**What to produce:** Your answer should hold only the lines from the start of the data below through the line with "натур., білого кольору.", copied exactly, with pictures left out.

Stored data:
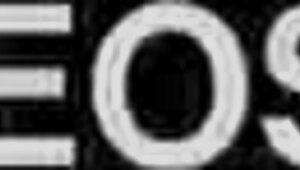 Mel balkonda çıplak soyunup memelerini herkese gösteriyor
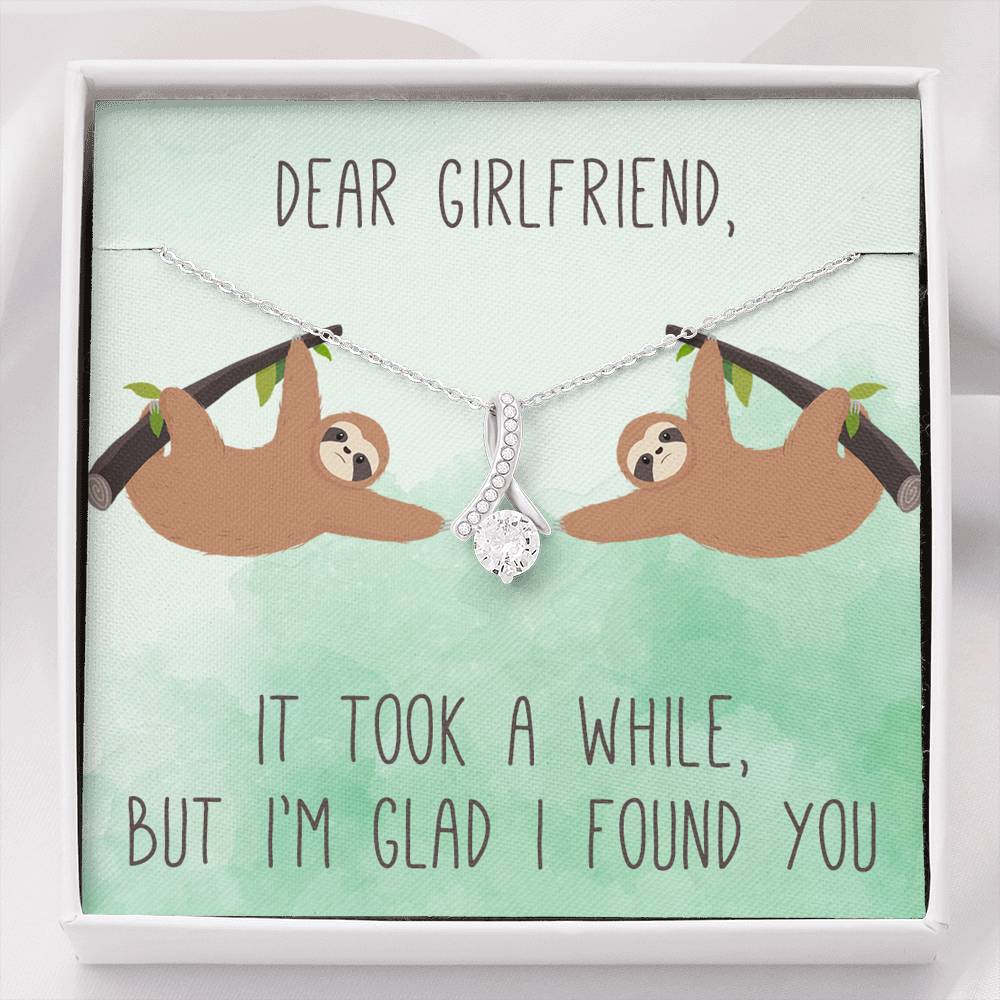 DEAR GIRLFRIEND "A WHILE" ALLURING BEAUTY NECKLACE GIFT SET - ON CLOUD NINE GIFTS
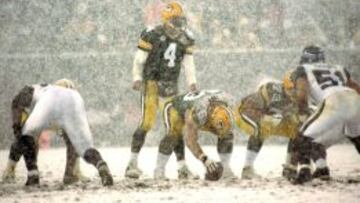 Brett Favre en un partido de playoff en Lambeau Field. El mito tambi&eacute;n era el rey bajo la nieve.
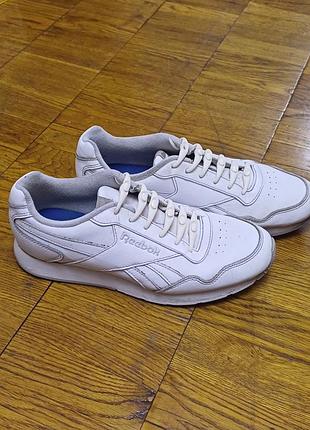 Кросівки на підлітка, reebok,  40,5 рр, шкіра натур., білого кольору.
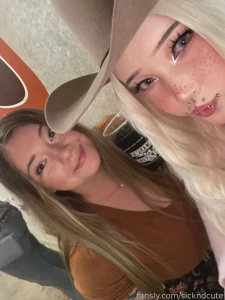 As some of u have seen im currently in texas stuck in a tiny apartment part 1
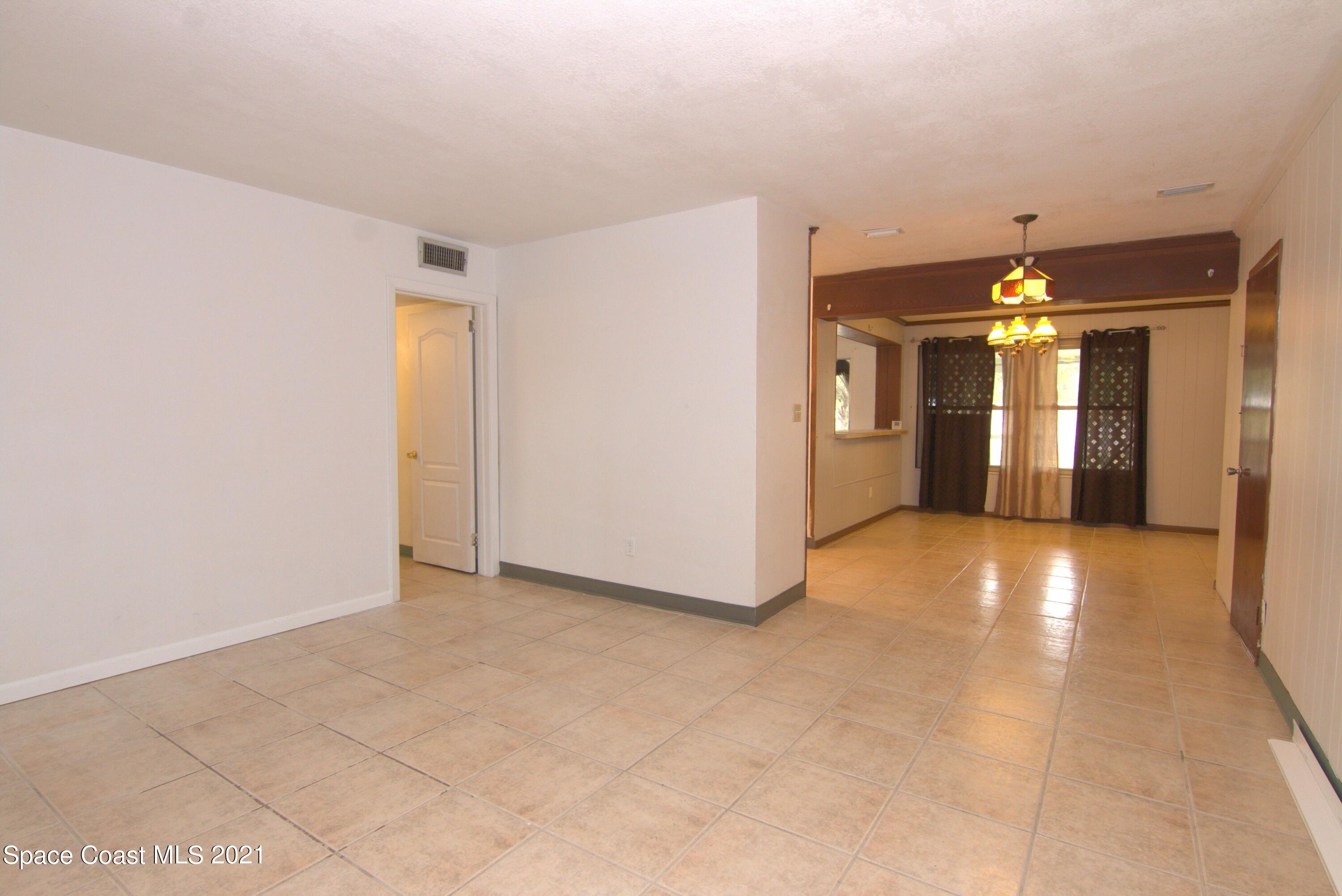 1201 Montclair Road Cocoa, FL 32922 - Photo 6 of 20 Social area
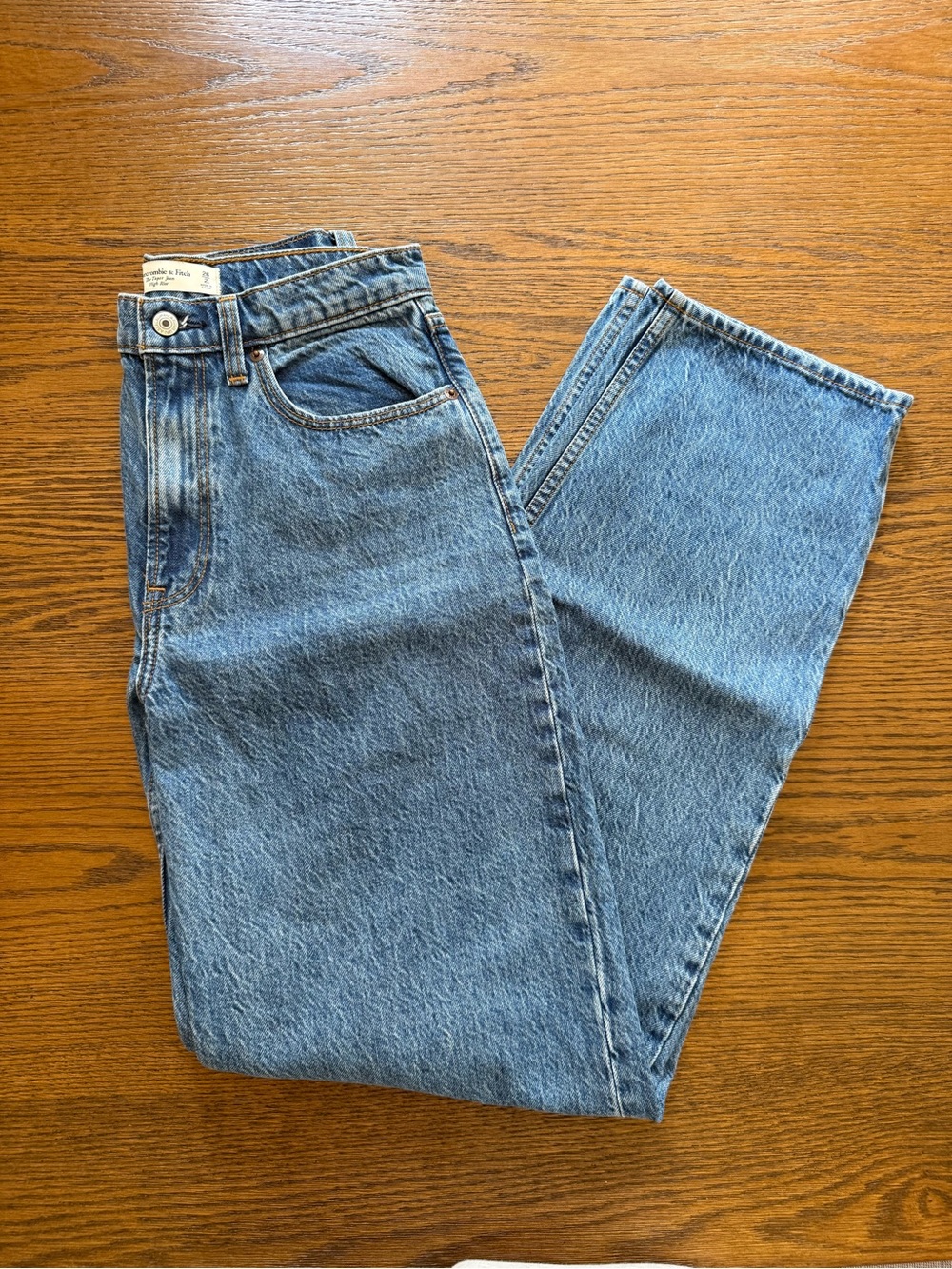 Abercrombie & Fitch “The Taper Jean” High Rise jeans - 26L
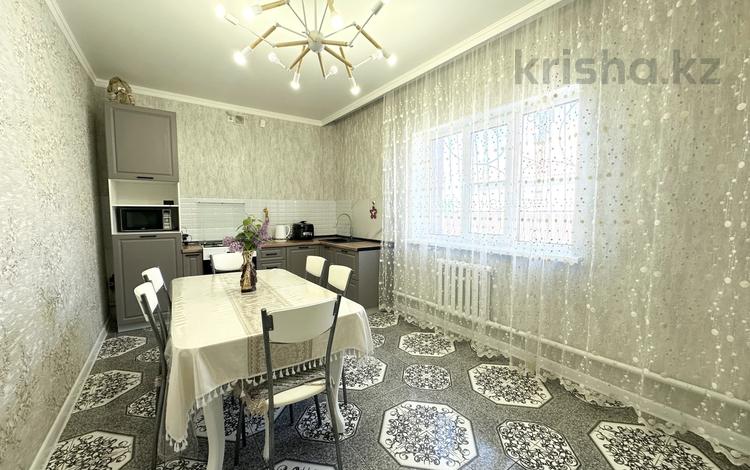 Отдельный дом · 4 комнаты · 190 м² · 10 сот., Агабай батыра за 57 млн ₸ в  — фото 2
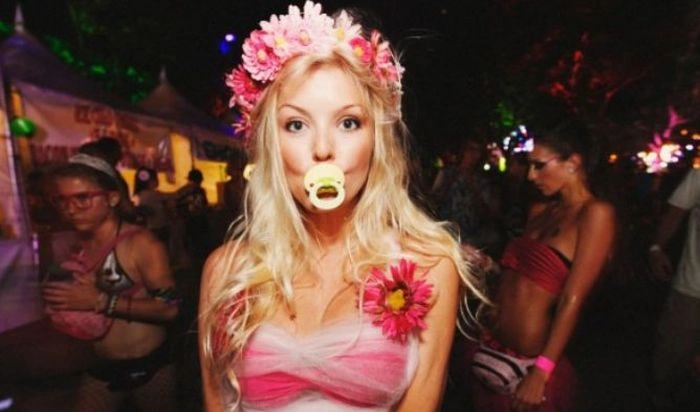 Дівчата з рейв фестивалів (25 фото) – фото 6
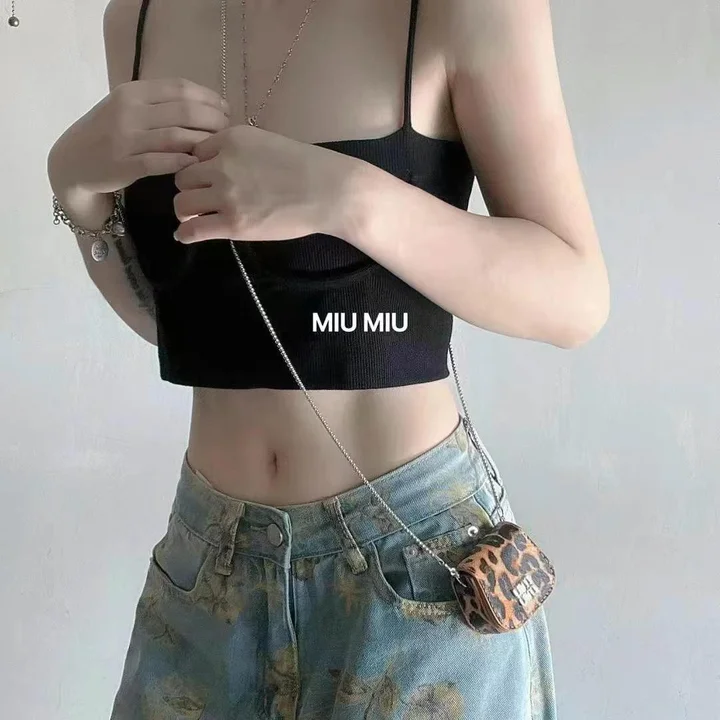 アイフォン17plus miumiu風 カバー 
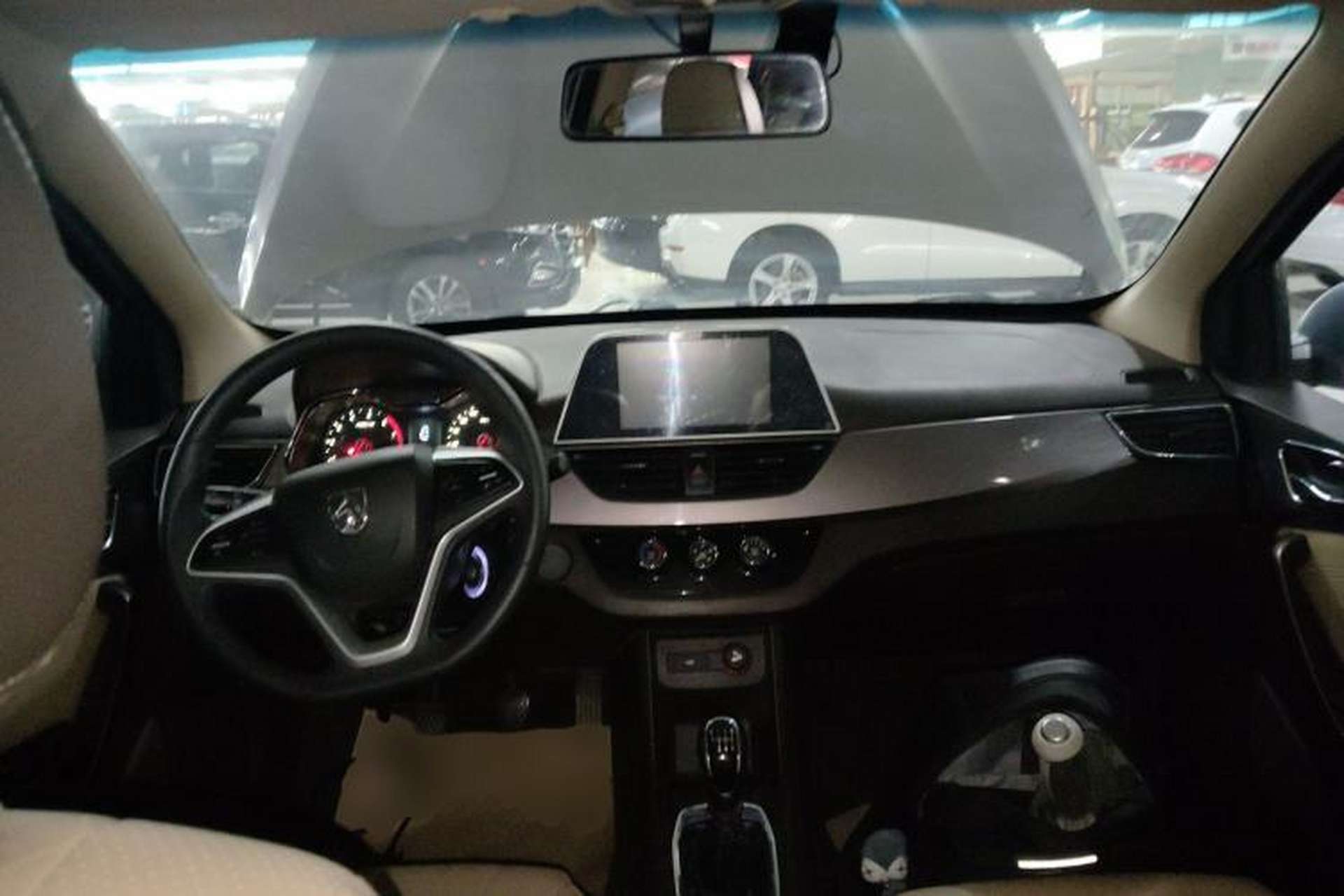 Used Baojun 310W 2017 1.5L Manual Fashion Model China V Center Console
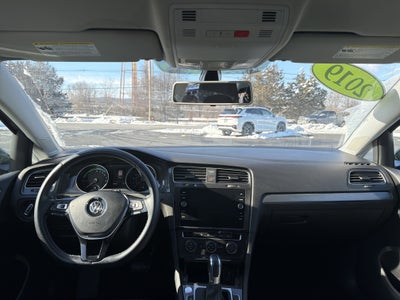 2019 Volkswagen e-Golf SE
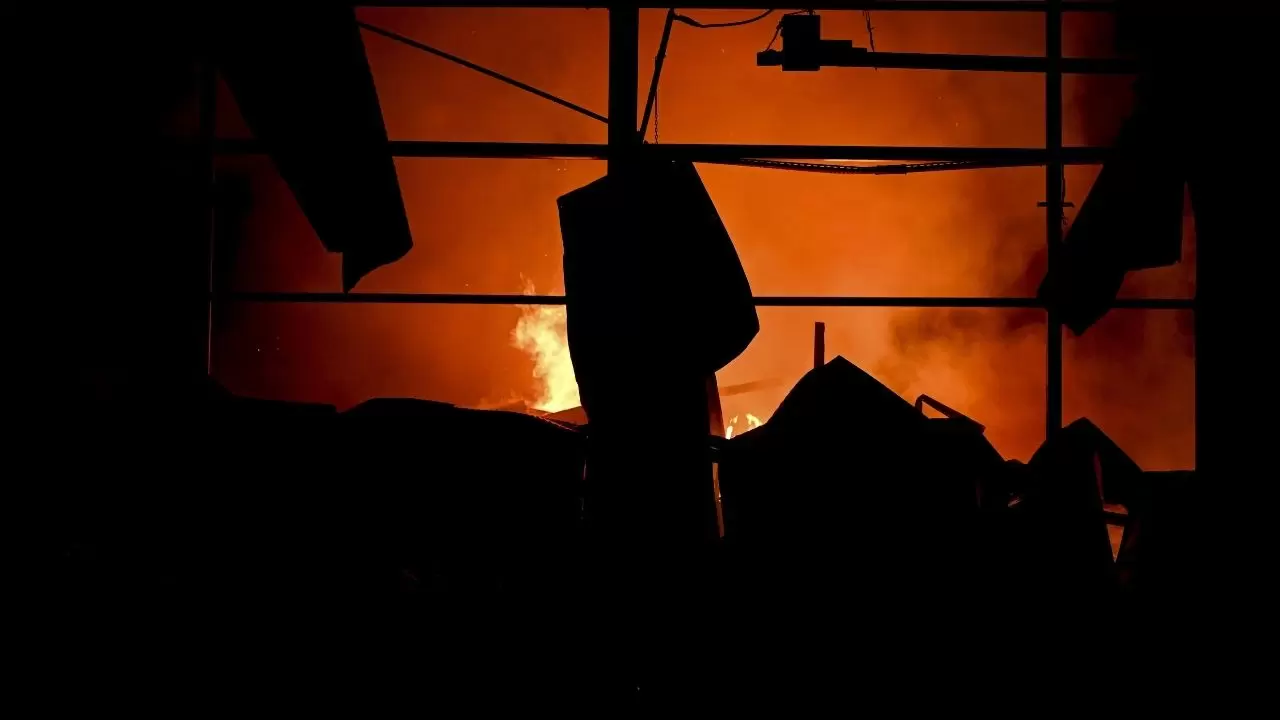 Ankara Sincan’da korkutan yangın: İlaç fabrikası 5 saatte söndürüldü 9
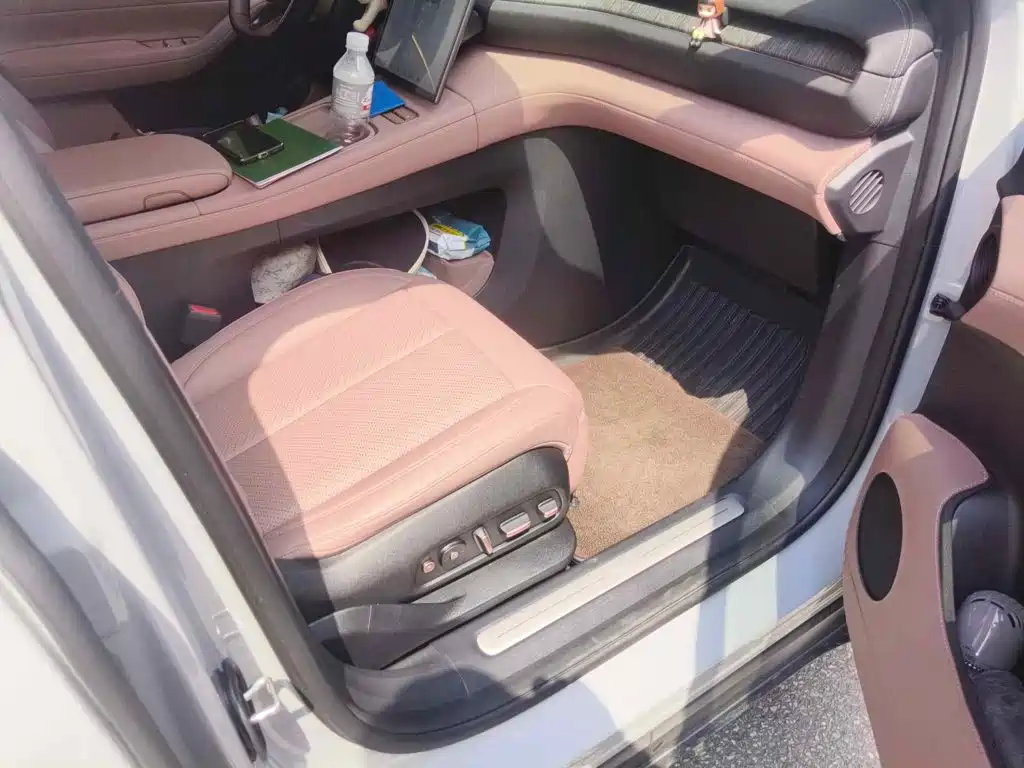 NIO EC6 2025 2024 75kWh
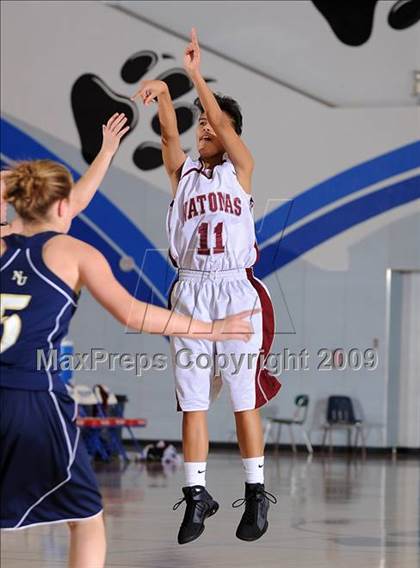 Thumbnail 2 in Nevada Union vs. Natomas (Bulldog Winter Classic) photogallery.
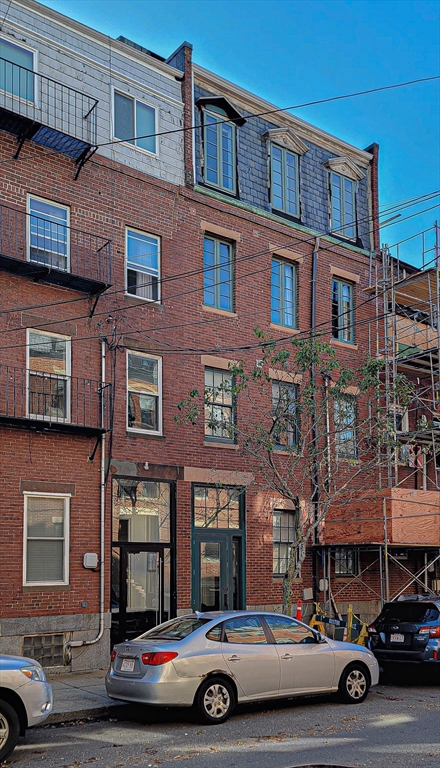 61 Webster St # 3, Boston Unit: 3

**Solution for this task:**
 Mel balkonda çıplak soyunup memelerini herkese gösteriyor
 DEAR GIRLFRIEND "A WHILE" ALLURING BEAUTY NECKLACE GIFT SET - ON CLOUD NINE GIFTS
 Brett Favre en un partido de playoff en Lambeau Field. El mito tambi&eacute;n era el rey bajo la nieve.
 Кросівки на підлітка, reebok,  40,5 рр, шкіра натур., білого кольору.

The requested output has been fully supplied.